THE PROBLEM. The data that follows is to be copied exactly, with each image removed.

··· RECORDED DATA

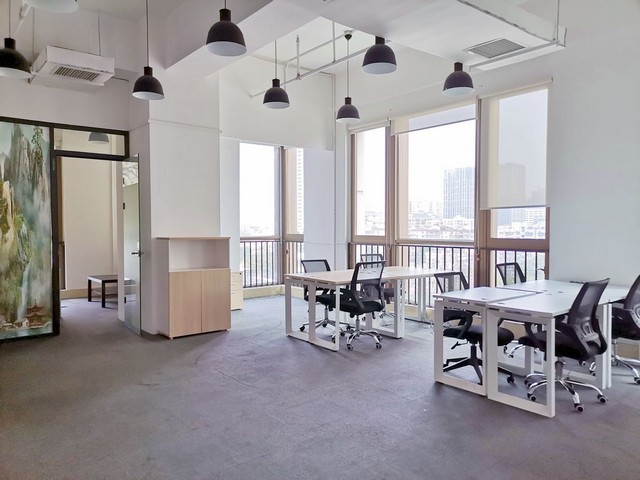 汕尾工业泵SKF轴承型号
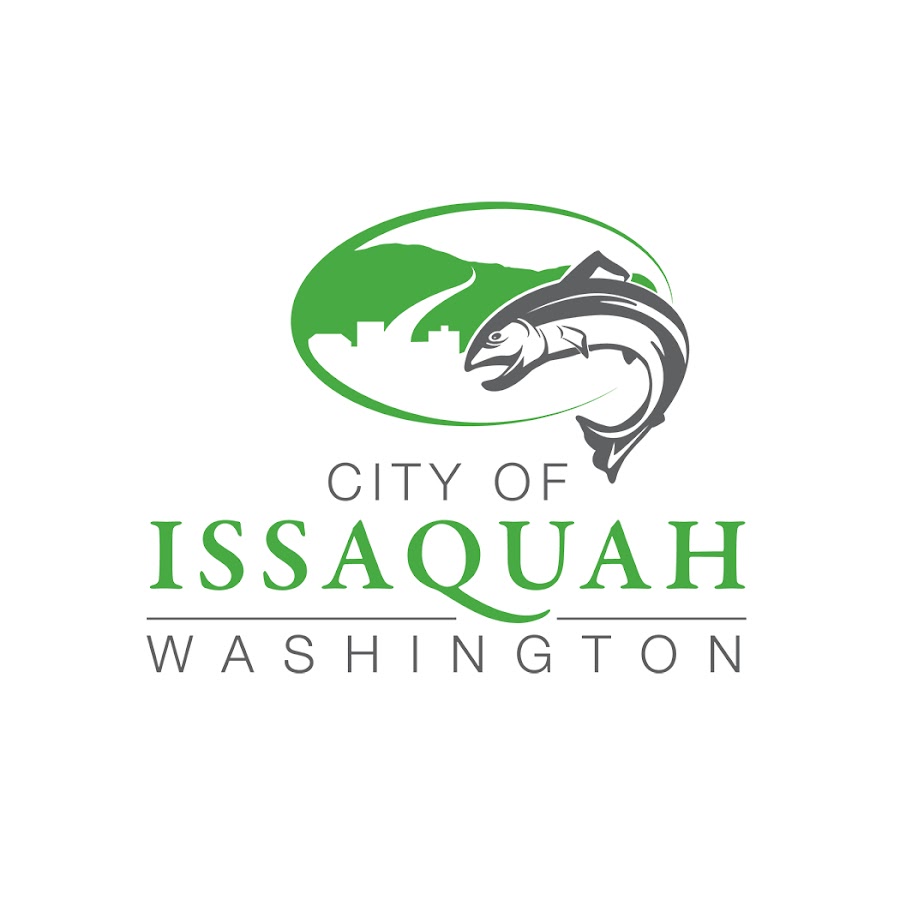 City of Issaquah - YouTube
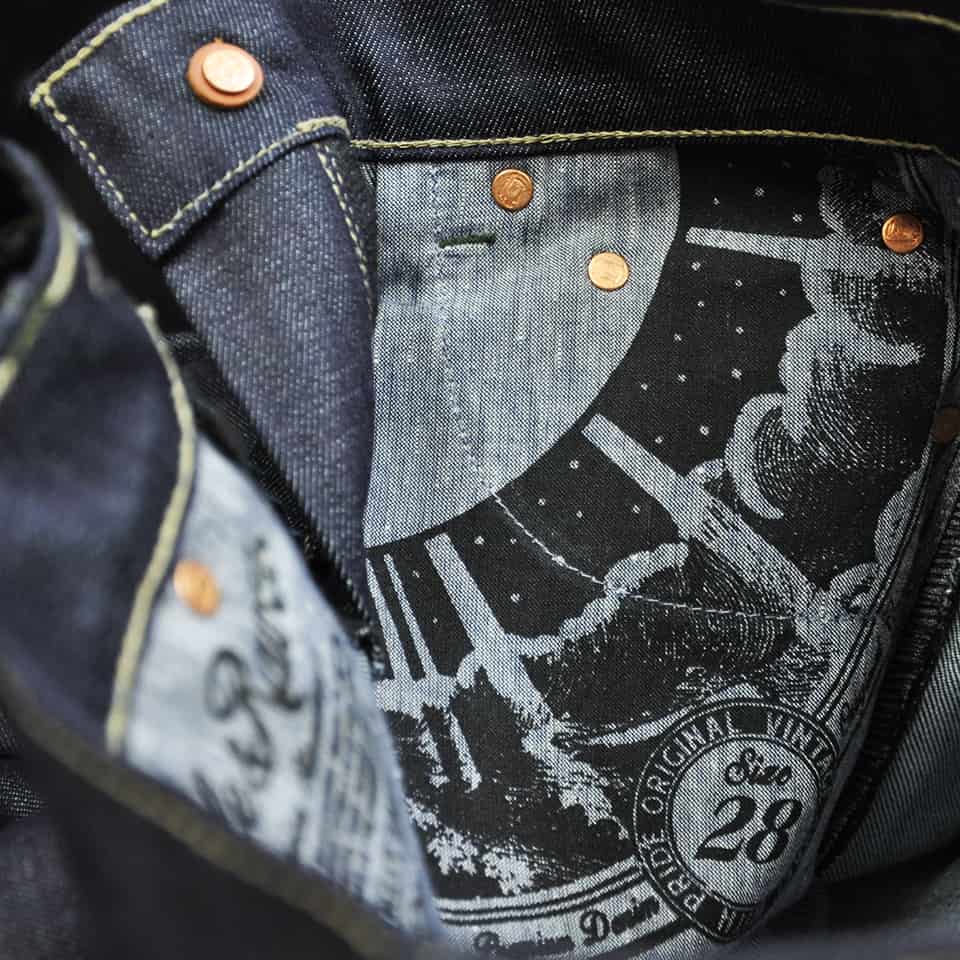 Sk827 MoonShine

······

EXERCISE SOLUTION.
 汕尾工业泵SKF轴承型号
 City of Issaquah - YouTube
 Sk827 MoonShine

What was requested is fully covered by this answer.